___ DATA FOR ANALYSIS ___
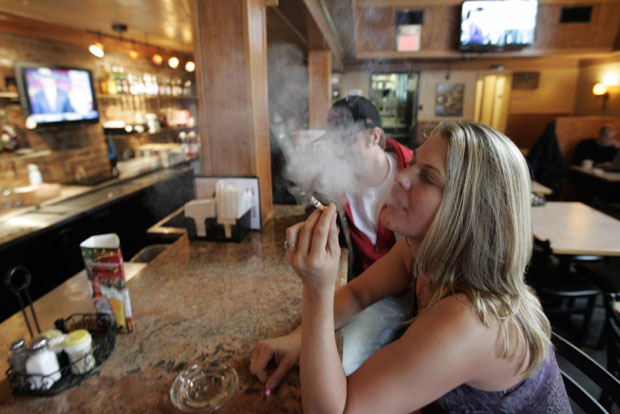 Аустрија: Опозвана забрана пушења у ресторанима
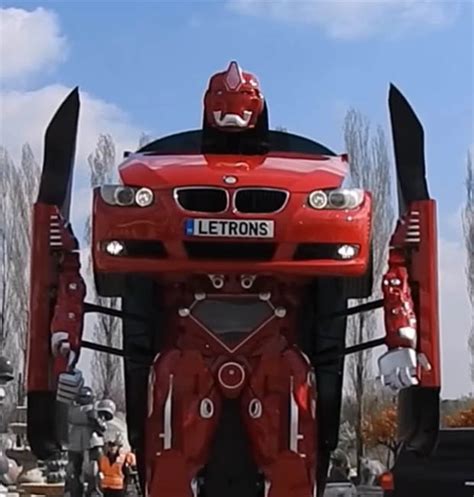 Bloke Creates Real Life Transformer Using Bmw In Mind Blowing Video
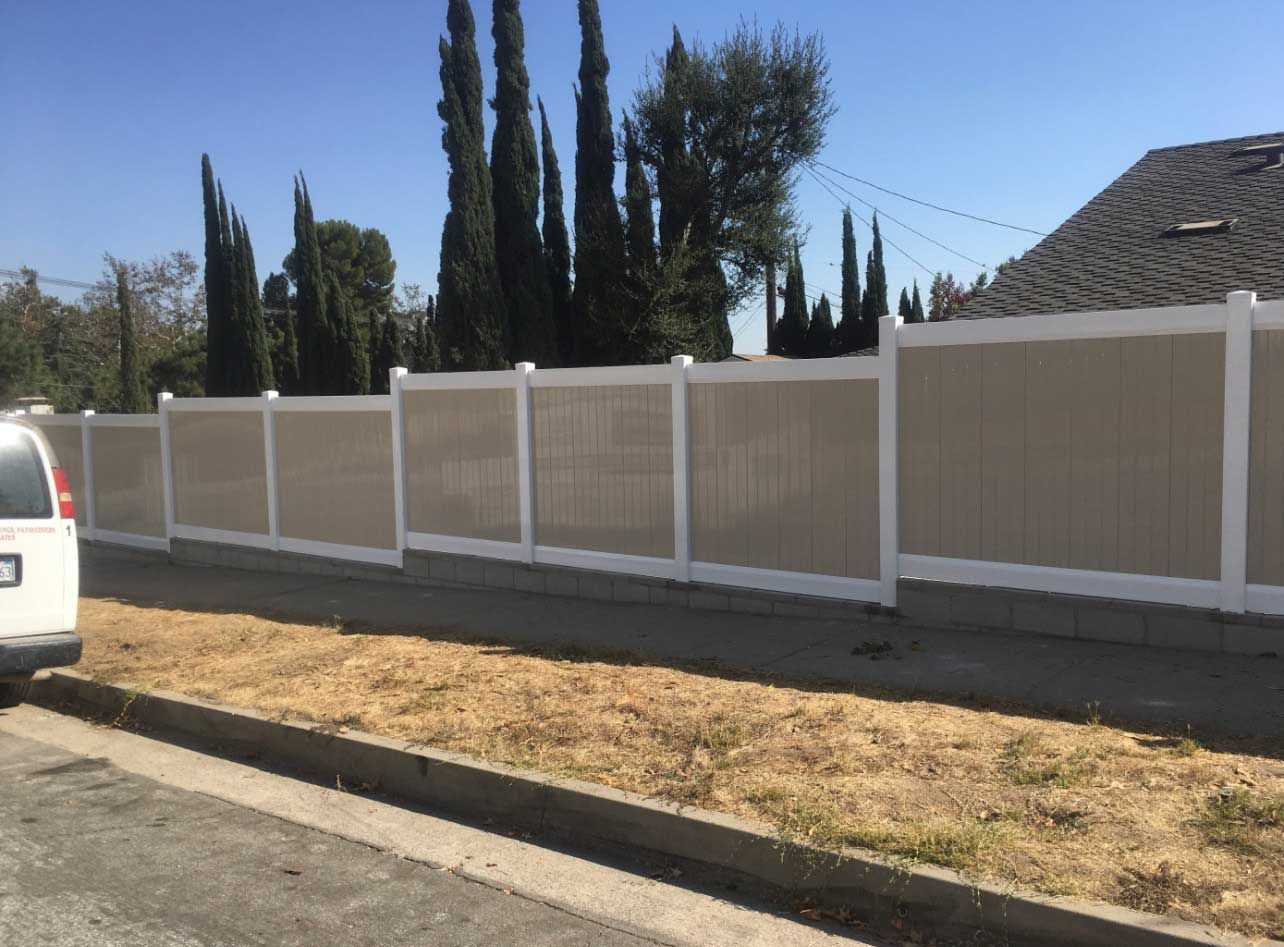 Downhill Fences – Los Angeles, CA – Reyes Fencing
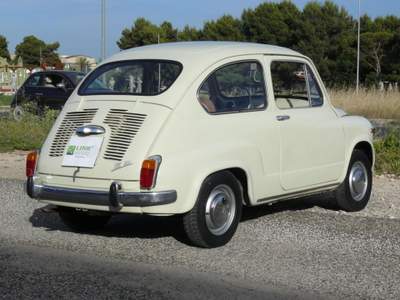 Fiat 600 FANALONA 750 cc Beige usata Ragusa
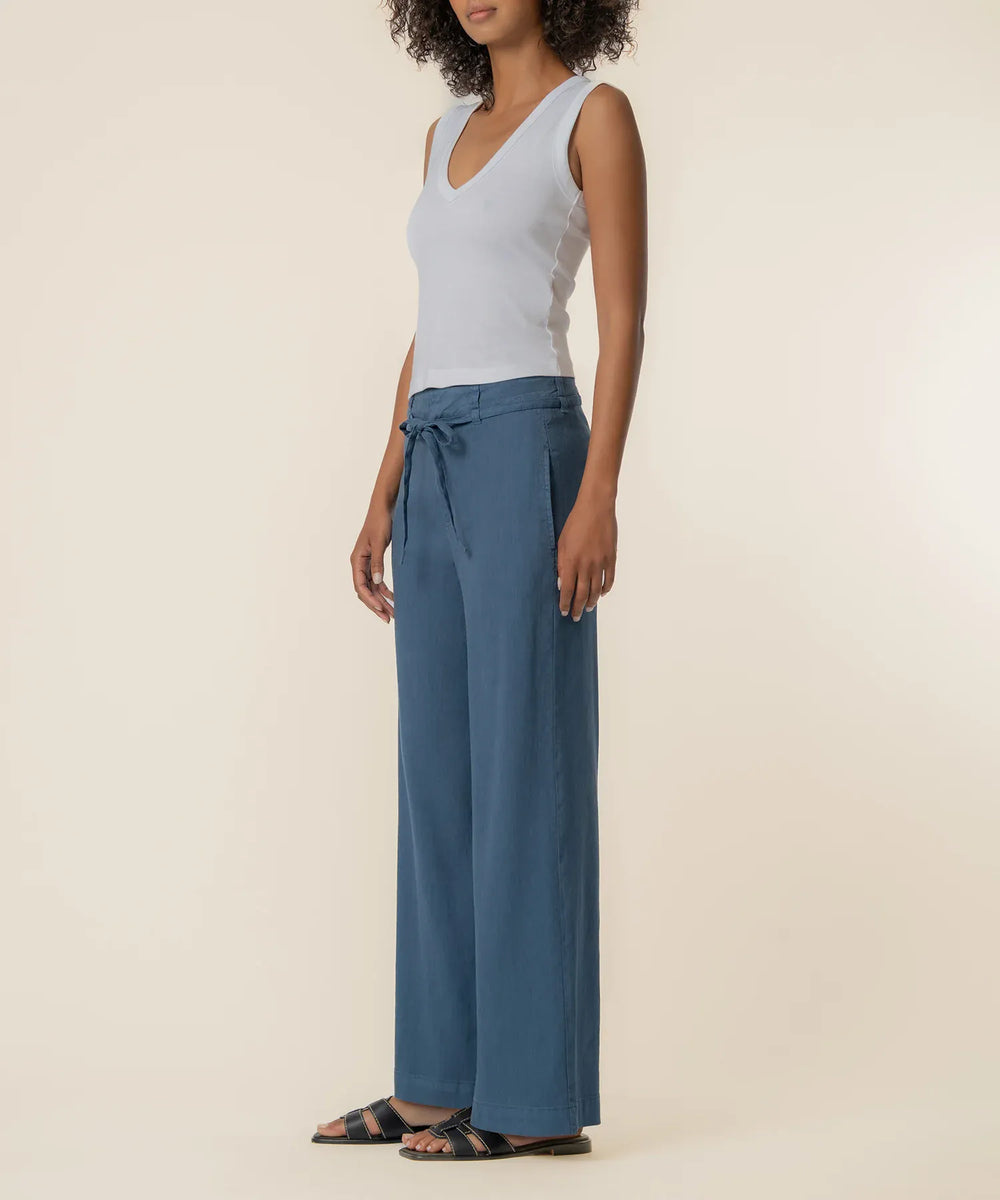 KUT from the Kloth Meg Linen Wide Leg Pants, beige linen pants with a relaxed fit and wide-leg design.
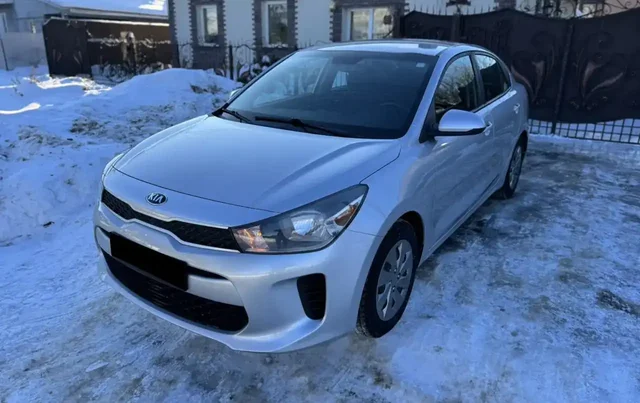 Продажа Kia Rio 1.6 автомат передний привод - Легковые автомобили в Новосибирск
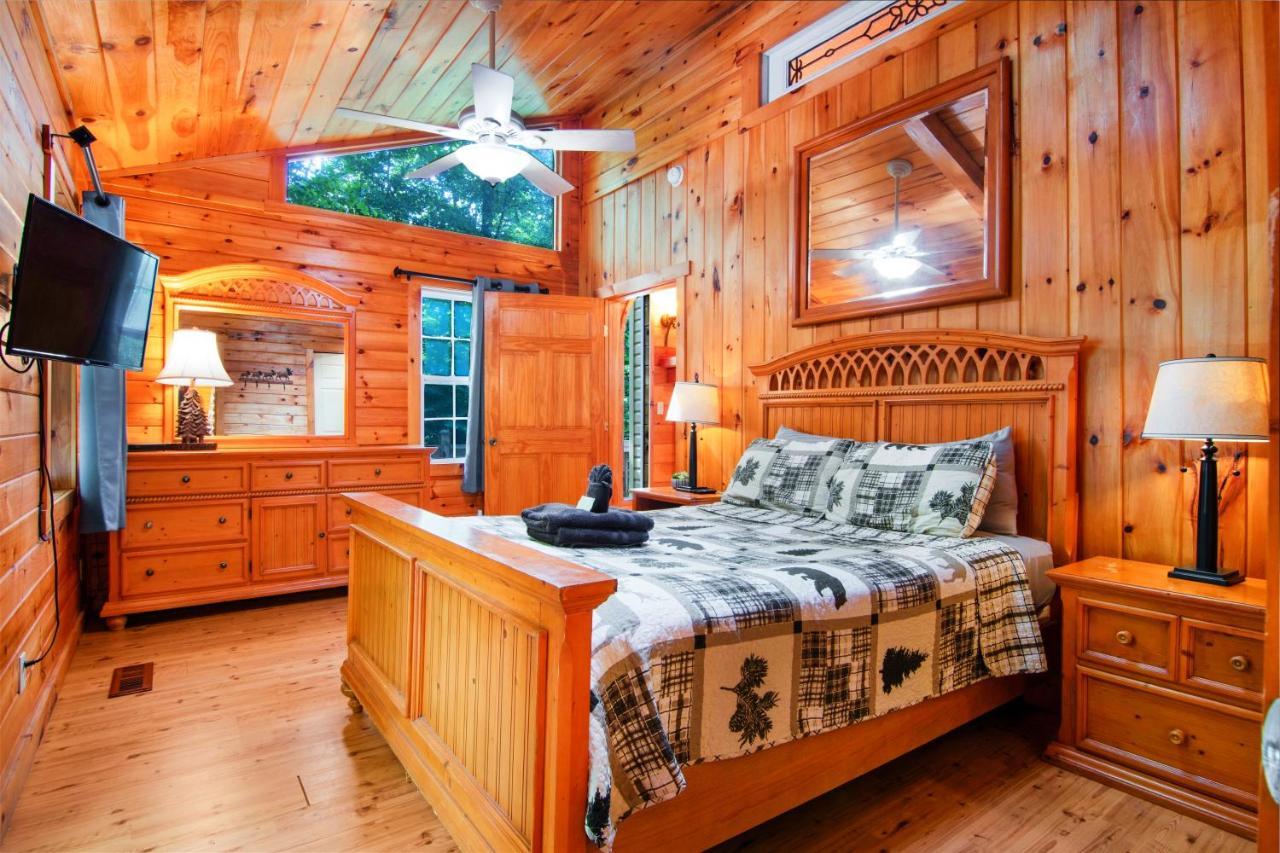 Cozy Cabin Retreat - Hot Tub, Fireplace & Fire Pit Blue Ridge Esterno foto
___
WORK TASK: A verbatim copy of every entry is wanted; the pictures stay out of it.

EXERCISE SOLUTION:
 Аустрија: Опозвана забрана пушења у ресторанима
 Bloke Creates Real Life Transformer Using Bmw In Mind Blowing Video
 Downhill Fences – Los Angeles, CA – Reyes Fencing
 Fiat 600 FANALONA 750 cc Beige usata Ragusa
 KUT from the Kloth Meg Linen Wide Leg Pants, beige linen pants with a relaxed fit and wide-leg design.
 Продажа Kia Rio 1.6 автомат передний привод - Легковые автомобили в Новосибирск
 Cozy Cabin Retreat - Hot Tub, Fireplace & Fire Pit Blue Ridge Esterno foto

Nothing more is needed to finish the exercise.